Montreal and Toronto are both having fantastic years. The pundits swung and missed on both cases. For the Habs, I think by looking at their puck-possession totals, goals for and against rates, and top-third specialty teams I’m more comfortable calling them a team that’s going to stick around. At the start of the year I was skeptical because they had pretty poor possession totals last season, but it was mostly masked from that period December-on when Randy Cunneyworth took over from Jacques Martin. 
Marc Bergevin came in this summer and had to do a lot of house cleaning. He made some moves I disagreed with, but ultimately he was able to get the contracts of Erik Cole and Scott Gomez off the club without costing the team anything. Rookies Brendan Gallagher and Alex Galchenyuk have produced more than any reasonable person could probably hope for, which helps. But I think the major difference between the Habs this season and last has been Andrei Markov. 
I like Markov and he’s always been a stable presence on a defensive unit, but he’s so rarely healthy, especially over the past four years. But he leads the Habs in Quality of Competition and Time On Ice. He’ second on the team in shorthanded TOI, first in powerplay TOI and the team has been so much better in all three game states this season because of it. Not too coincidental in my view. Andrei Markov has made lots of his defence partners through the years very very rich. Sheldon Souray and Mike Komisarek, for instance. Unfortunately for Ryan O’Byrne, he was traded halfway through the year he played with Markov.
How has new coach Michel Therrien deployed the Habs this season? The usage chart tells all…

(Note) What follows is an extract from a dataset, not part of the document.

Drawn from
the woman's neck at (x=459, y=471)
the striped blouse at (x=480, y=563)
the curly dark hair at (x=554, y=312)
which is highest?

What’s notable to me is that the Habs get two sheltered scoring lines, by offensive zones, as compared to one for the Maple Leafs. Since the Leafs only run three lines, their fourth line has to get a lot of offensive zone starts against weak competition otherwise they’ll end up getting buried. If you check the Leafs’ chart, Frazer McLaren and Colton Orr actually get the most sheltered minutes on the Leafs, and no Leaf forward has a plus-Corsi rate.
But the top two lines for the Habs—scoring lines that are dangerous—get an added advantage. They get Jeff Halpern, Travis Moen and Brandon Prust, historically all pretty good possession players given their roles, do some of the defensive work giving the Desharnais and Galchenyuk lines more kicks at the can. 
Max Pacioretty – David Desharnais – Brendan Gallagher
Michael Ryder – Alex Galchenyuk – Lars Eller
Brian Gionta – Tomas Plekanec – Rene Bourque
Travis Moen – Jeff Halpern – Brandon Prust
Francis Bouillon – Andrei Markov
Josh Gorges – P.K. Subban
Nathan Beaulieu – Davis Drewiske
Carey Price
Peter Budaj
As for the Leafs, again, it’s up in the air. Paul Hendrick says that Mikhail Grabovski is a game-time decision. I bet the Leafs run with the same defensive pairings we saw in New York:
 

Required reading by the way is an excellent piece by friend of The Leafs Nation James Mirtle in today’s Globe & Mail about Nazem Kadri’s on-ice shooting percentage. Be sure to respond to him on Twitter about how shooter regression doesn’t affect your favourite team.
Incidentally…
It’s not that Kadri’s a bad player. He’s doing a good job pushing the play North this season. I’ve seen some good projections that Kadri’s true talent is a 55-60 point player in a normal season. That’s still really good and puts him in the upper echelon of hockey players. But his point production this year has been helped by unsustainable shooting percentages.